Chapter 132: Kikawayu and the Dark Game

"This is incredible, Rei!"

On the cross-river bridge in the middle of the night, Kikawayu held tight around Amano's waist from the back seat and let the sound rip into the sky above them.

Amano didn't try to stop him. The bridge at this hour was almost completely empty, and he'd wanted to test the Moonlight Butterfly's top speed anyway. An empty stretch of road at night, no one around to get in the way. Why not.

Whatever Kikawayu shouted, the wind shredded it immediately. There was no one to hear it regardless.

"How long has it been since we just went completely wild like this, Kikawayu?"

Amano had to shout too. At this speed, anything quieter got swallowed before it traveled a meter.

"Ages, Rei. Once we started working, there was never any time. Life is brutal."

Once they started working. That would have been two years ago.

Actually, Kikawayu was probably softening it to be considerate. The more accurate version: the moment Amano's father Yuichi was gone, and Amano had to carry the whole household on his own, he'd stopped having the luxury of being a kid. No more spending whole days running wild with his childhood friend.

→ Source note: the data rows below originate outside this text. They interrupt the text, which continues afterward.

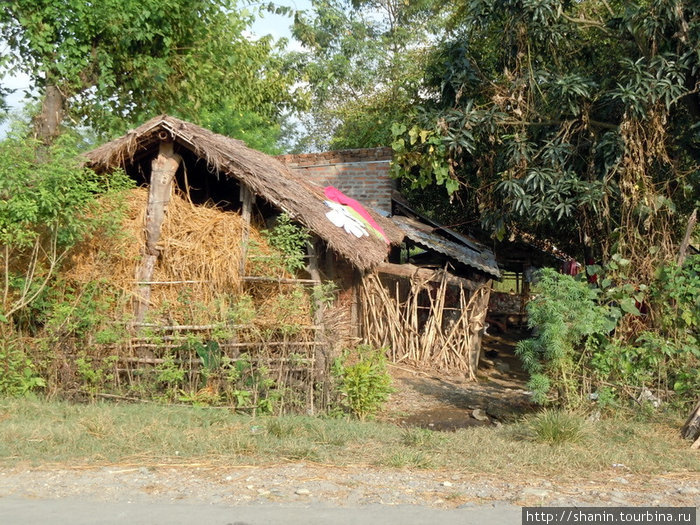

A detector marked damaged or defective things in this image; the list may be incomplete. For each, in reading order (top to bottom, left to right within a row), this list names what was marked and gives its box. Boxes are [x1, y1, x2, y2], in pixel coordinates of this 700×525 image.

rusty metal roof [392, 214, 500, 278] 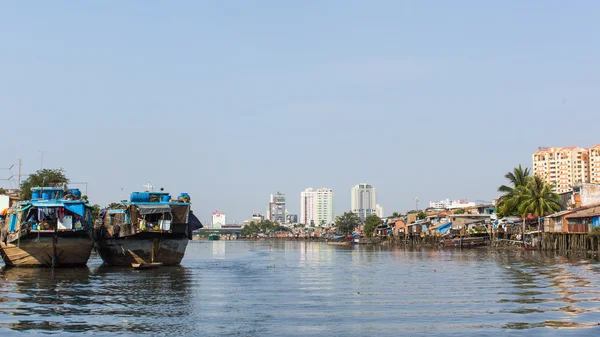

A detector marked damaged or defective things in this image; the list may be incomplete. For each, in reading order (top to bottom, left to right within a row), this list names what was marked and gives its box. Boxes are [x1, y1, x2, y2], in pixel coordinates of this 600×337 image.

rusty boat hull [0, 230, 94, 266] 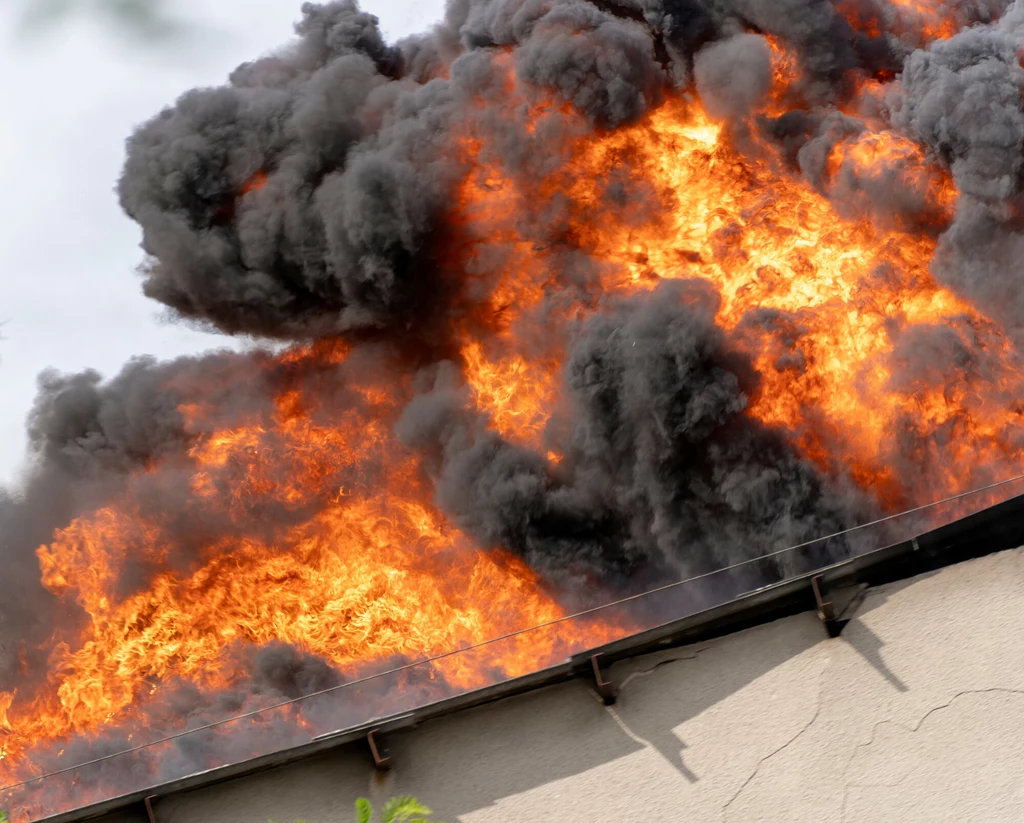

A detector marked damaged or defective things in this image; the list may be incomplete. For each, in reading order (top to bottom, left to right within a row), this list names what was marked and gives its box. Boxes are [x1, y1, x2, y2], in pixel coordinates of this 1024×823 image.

cracked stucco surface [116, 544, 1024, 823] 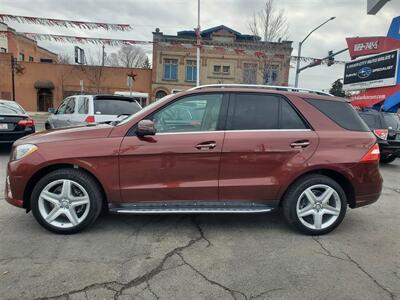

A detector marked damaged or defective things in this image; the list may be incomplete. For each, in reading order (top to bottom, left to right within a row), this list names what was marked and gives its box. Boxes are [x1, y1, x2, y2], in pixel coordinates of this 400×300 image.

cracked asphalt [0, 144, 398, 300] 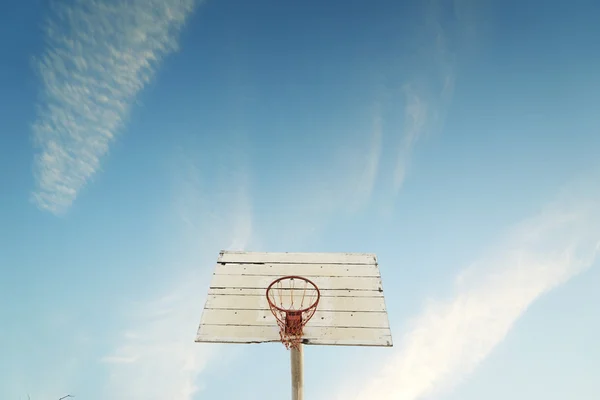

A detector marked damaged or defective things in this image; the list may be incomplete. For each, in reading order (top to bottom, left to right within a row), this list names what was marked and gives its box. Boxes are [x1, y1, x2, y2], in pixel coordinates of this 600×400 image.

rusty basketball hoop [266, 276, 322, 348] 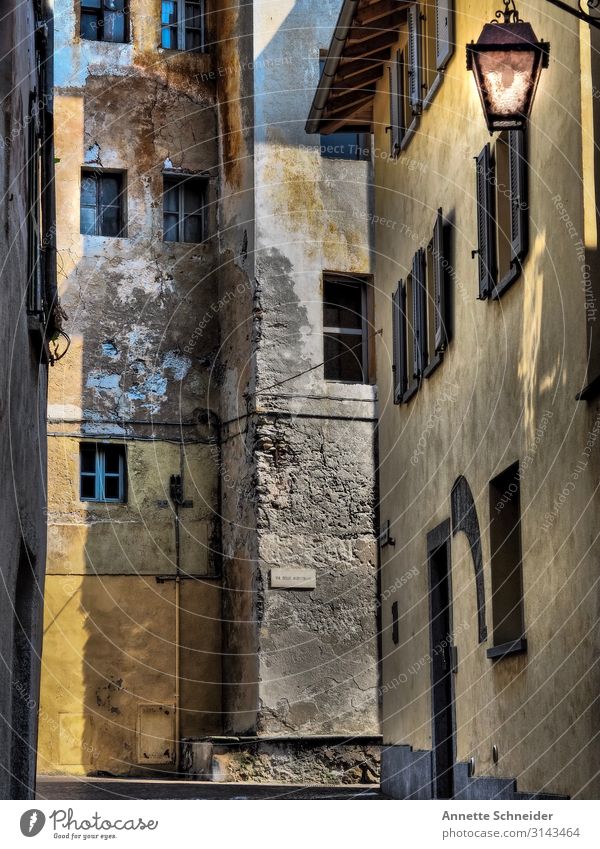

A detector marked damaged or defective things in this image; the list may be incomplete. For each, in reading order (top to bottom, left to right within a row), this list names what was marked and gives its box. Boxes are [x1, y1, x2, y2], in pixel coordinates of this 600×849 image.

peeling plaster wall [0, 0, 48, 800] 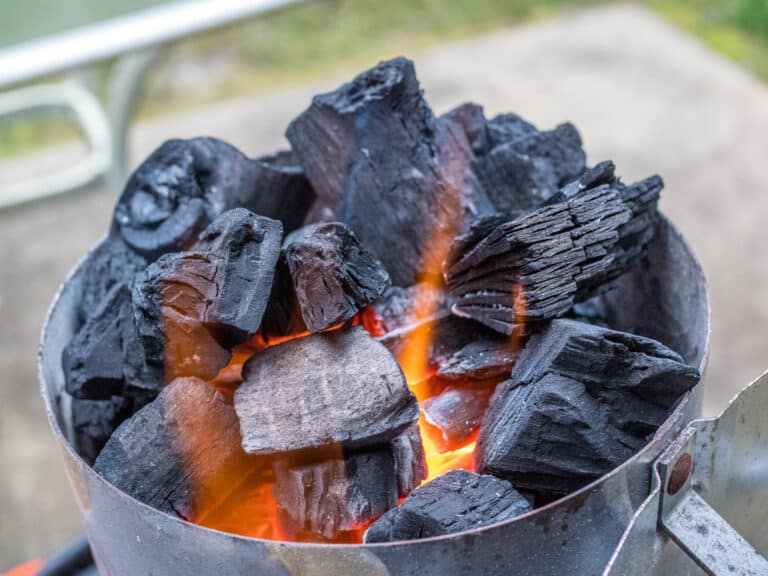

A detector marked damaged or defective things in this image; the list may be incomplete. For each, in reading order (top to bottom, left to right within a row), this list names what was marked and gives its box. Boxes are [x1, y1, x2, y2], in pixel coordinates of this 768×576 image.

charred wood grain texture [474, 318, 704, 492] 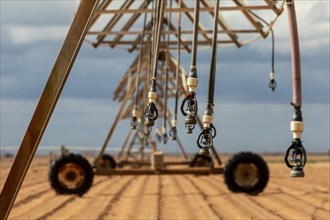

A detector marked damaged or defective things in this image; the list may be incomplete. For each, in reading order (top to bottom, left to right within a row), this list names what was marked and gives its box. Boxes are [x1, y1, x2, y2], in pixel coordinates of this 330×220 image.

rusty steel beam [0, 0, 99, 219] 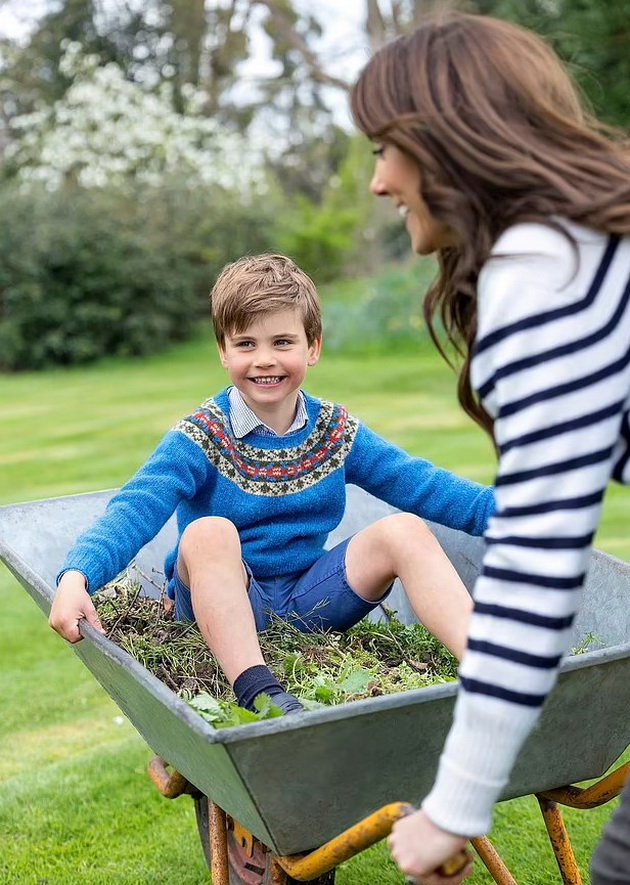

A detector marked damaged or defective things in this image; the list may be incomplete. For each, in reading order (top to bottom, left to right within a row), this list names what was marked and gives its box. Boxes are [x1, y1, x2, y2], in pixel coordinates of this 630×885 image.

rusty wheelbarrow handle [276, 800, 470, 876] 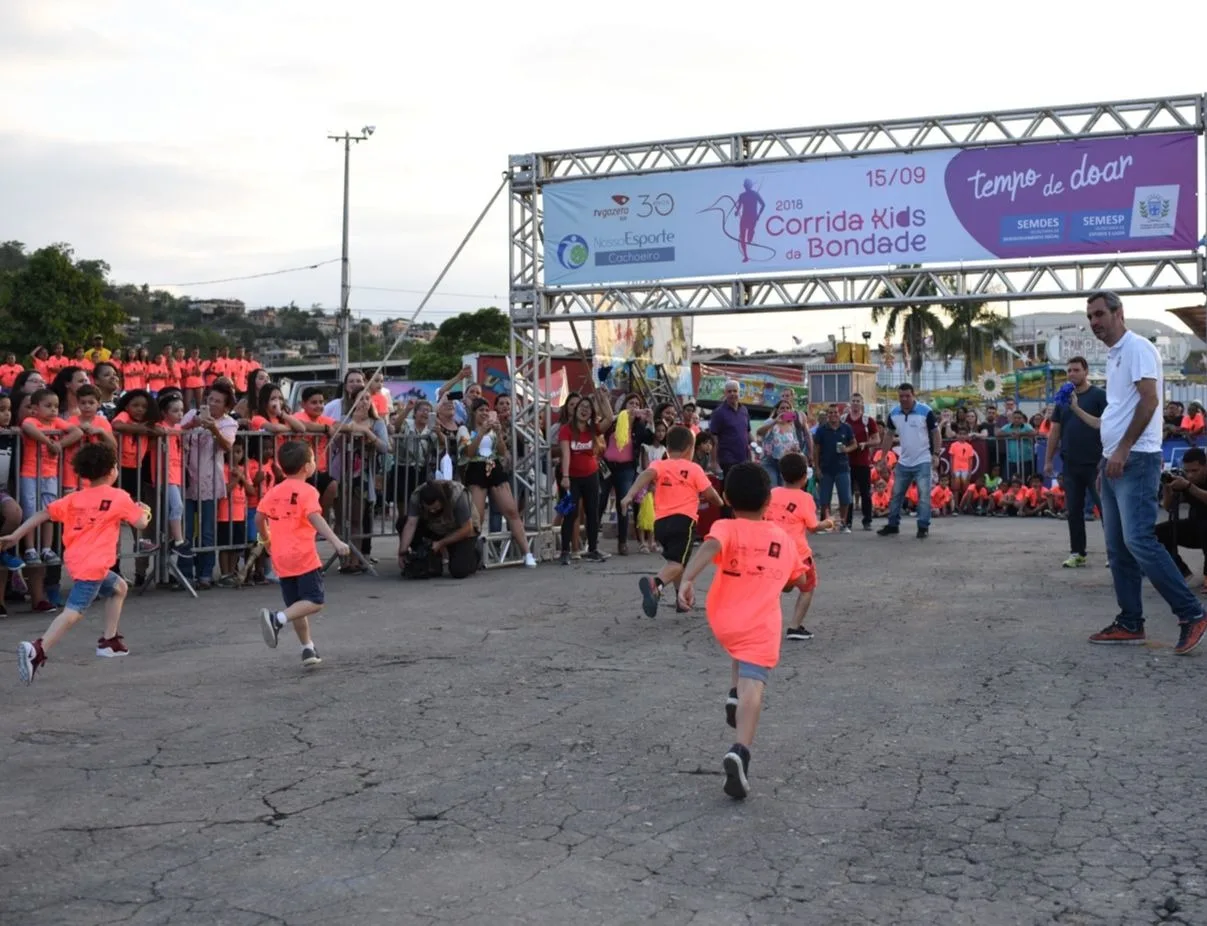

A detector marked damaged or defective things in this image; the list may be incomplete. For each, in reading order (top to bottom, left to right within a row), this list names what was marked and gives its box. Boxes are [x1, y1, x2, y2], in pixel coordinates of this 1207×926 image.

cracked asphalt ground [0, 516, 1202, 922] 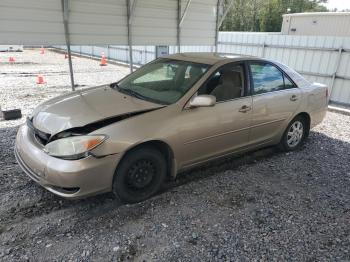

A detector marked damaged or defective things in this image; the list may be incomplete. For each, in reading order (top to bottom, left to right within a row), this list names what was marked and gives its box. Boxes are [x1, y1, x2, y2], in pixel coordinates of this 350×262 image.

crumpled hood [31, 85, 161, 135]
broken headlight [44, 135, 106, 160] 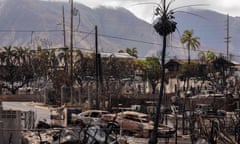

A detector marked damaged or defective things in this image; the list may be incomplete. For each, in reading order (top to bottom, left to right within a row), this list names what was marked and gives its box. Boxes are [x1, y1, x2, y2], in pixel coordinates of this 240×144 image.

burned car [100, 111, 175, 138] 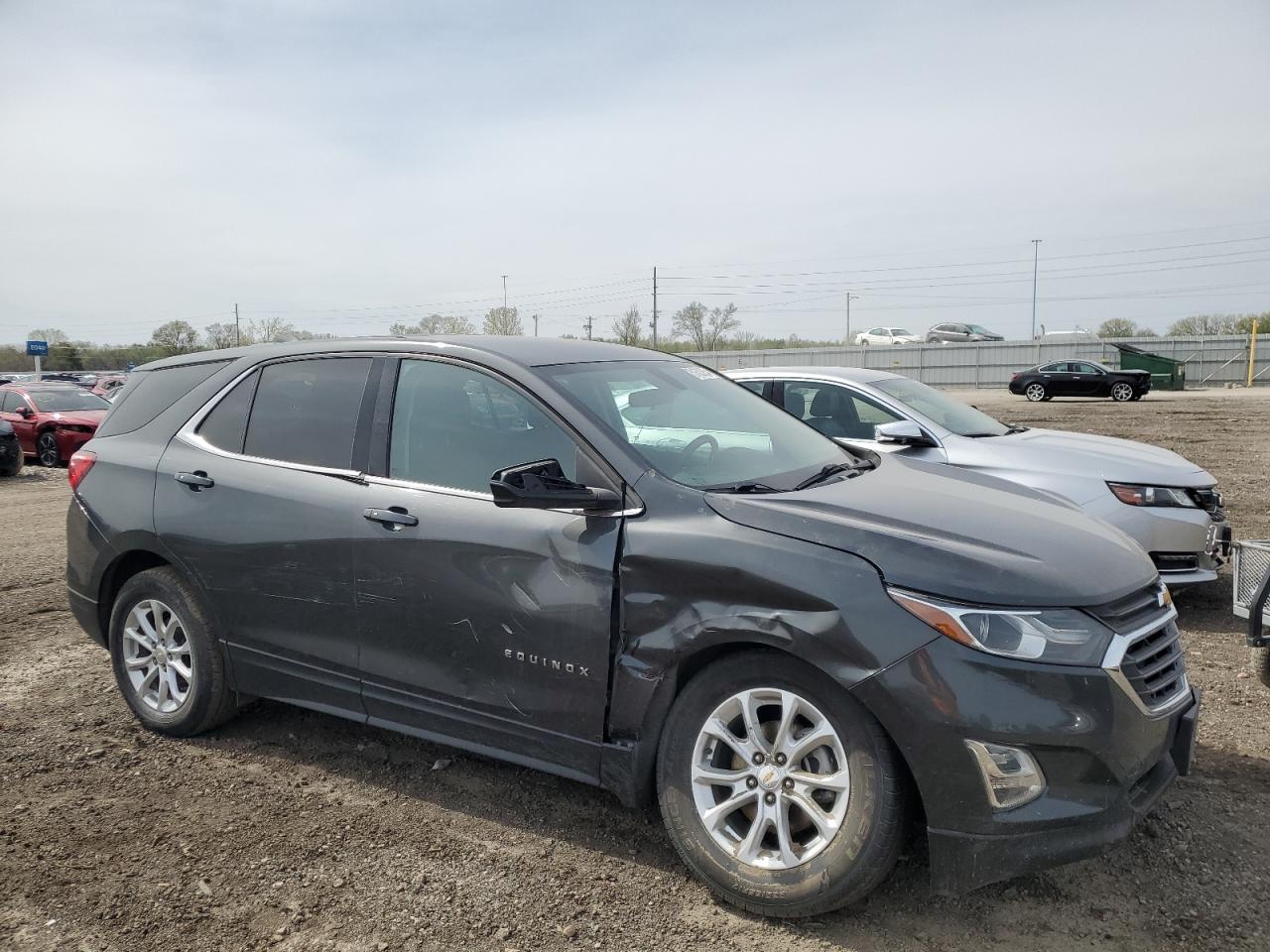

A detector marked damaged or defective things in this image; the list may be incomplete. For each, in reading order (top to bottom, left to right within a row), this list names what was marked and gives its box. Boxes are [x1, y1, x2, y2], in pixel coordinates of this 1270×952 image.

red damaged car [0, 383, 109, 464]
damaged black suv [66, 339, 1199, 920] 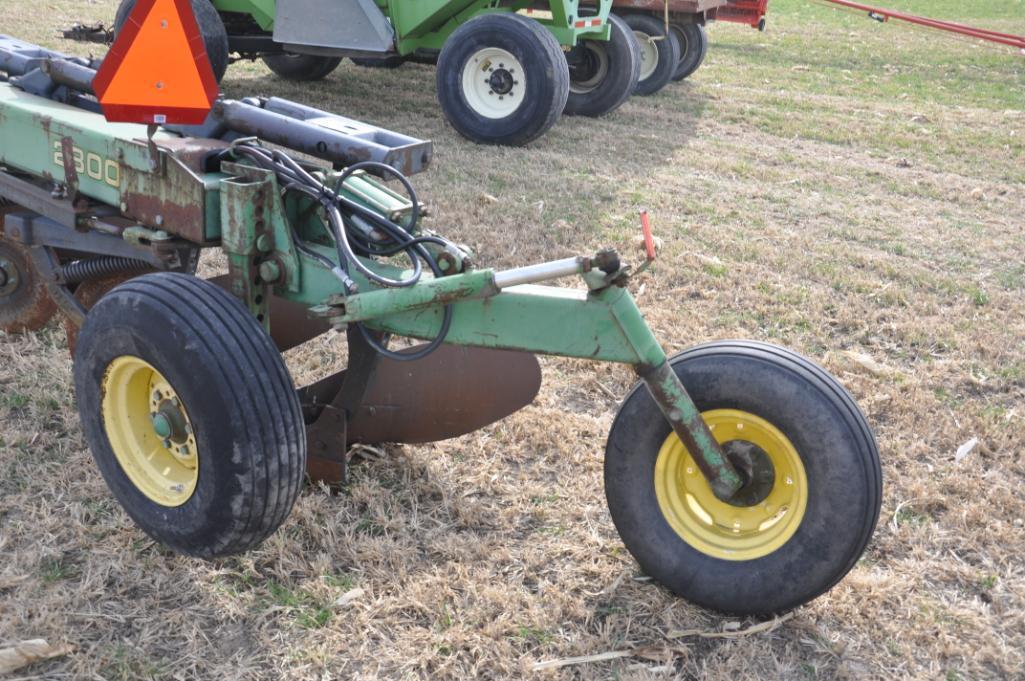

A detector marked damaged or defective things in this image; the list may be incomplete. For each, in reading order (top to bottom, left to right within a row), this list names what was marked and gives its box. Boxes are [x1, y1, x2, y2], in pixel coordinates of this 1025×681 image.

rusted surface [0, 236, 57, 332]
rusty plow bottom [299, 342, 545, 482] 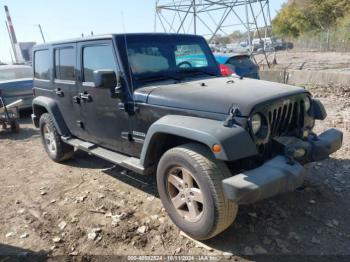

But there was something to be said for this. The happiness you accumulate when you're young becomes medicine for the pain you'll face later on. Not just the happiness, either. The hardest stretch after losing both parents, Kikawayu had shown up every single day acting like everything was fine, dragging Amano into nonsense until the worst of it passed.

Amano was genuinely grateful that Kikawayu had been part of this second life of his. Without that, without someone to hold the line alongside him, he probably would have given up on District 32 a long time ago. Settled into the drift like everyone else down there, wasting days without direction, never even thought about clawing his way up through discarded cards.

If there had been one beam of light across the dark first eighteen years of Amano Rei's life, it was Kikawayu.

"Kikawayu. Thanks for always being there."

Too quiet. The wind took it before it got anywhere. Kikawayu gave no sign of hearing.

"What was that, Rei?"

Too embarrassing to repeat at full volume. Let it go.

"Nothing. Hold on tighter, I can still push it."

"Got it!"

Kikawayu squeezed harder and pressed a helmeted head against Amano's back.

"I wish time could just stop right here."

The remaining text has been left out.